Is Pletal safe for patients with diabetes?
Yes, Pletal is generally safe in diabetes and may offer particular benefits for diabetic foot complications through improved microcirculation. However, careful monitoring is advised in those with diabetic gastroparesis or cardiovascular autonomic neuropathy.
Can Pletal be combined with blood thinners?
Concomitant use requires careful supervision due to increased bleeding risk. The combination may be appropriate in selected patients with high thrombotic risk, but requires individualized benefit-risk assessment.
What should I do if I miss a dose of Pletal?
Take the missed dose as soon as remembered unless it’s nearly time for the next dose. Never double doses. Consistent twice-daily administration maintains therapeutic levels.
10. Conclusion: Validity of Pletal Use in Clinical Practice
Pletal represents an evidence-based therapeutic option for patients with disabling intermittent claudication who have not achieved adequate symptom control with exercise and risk factor modification alone. The medication’s dual mechanism—combining vasodilation with antiplatelet effects—addresses key pathophysiological elements in symptomatic peripheral arterial disease.
The risk-benefit profile favors Pletal in appropriately selected patients without heart failure or significant bleeding risk. While side effects like headache and palpitations occur relatively frequently, they often diminish over time and rarely necessitate discontinuation. The clinically meaningful improvements in walking distance demonstrated across multiple randomized trials translate to real-world functional benefits that enhance quality of life.
Based on current evidence, Pletal deserves consideration as first-line pharmacotherapy for symptomatic claudication when conservative measures prove insufficient. Ongoing research continues to elucidate potential expanded applications in cerebrovascular and cardiovascular diseases, possibly broadening its role in comprehensive vascular protection.

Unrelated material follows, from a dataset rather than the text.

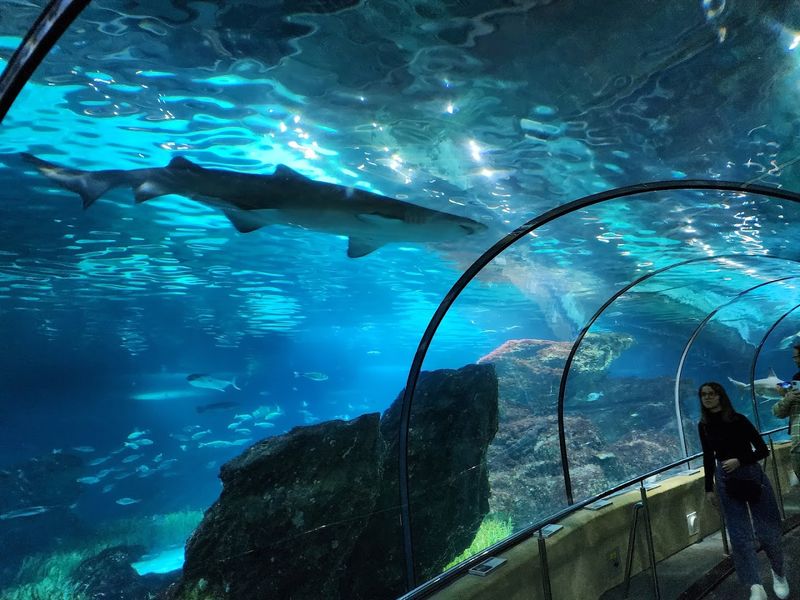 L'Aquàrium de Barcelona — Barcelona, Spain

I remember when we first started using cilostazol back in the early 2000s—we were skeptical about yet another “claudication drug” after pentoxifylline had shown such modest results. The pharmaceutical rep kept emphasizing the dual mechanism, but honestly, half the attendings in our vascular clinic dismissed it as marketing hype.
Then I started seeing results in practice that made me reconsider. Not every patient responded, but when they did, the improvement was sometimes dramatic. One that stands out was Robert, a 68-year-old retired mail carrier who could barely make it from his car to our clinic entrance without stopping. After three months on Pletal, he walked three blocks to his granddaughter’s school play—his wife called us crying with gratitude. Those are the cases that stick with you.
We had our share of treatment failures too. Probably 30-40% of patients either didn’t respond or couldn’t tolerate the side effects. The headaches were particularly problematic initially—we learned to start at 50 mg BID and titrate up after a couple weeks, which helped considerably. The cardiology department fought us on using it in any patient with even remote history of heart failure, which created some tension in our combined cases.
What surprised me most was discovering that some of our best responders were diabetic patients with microvascular disease—something not emphasized in the initial trials. We started tracking A1c levels and found better responses in well-controlled diabetics, though I’m not sure if that’s been formally studied.
Five years later, we’ve followed over 200 patients on Pletal with generally positive outcomes. About 65% maintain meaningful improvement at one year, though some require dose adjustments. The key seems to be setting realistic expectations—this isn’t a cure, but for selected patients, it provides that extra 100-200 feet that makes the difference between house confinement and community engagement.
Sarah, now 72, told me last month that Pletal let her resume her grocery shopping independently after two years relying on delivery services. “It’s not just the walking,” she said, “it’s my life back.” That’s the part that never shows up in the clinical trials but matters most in practice.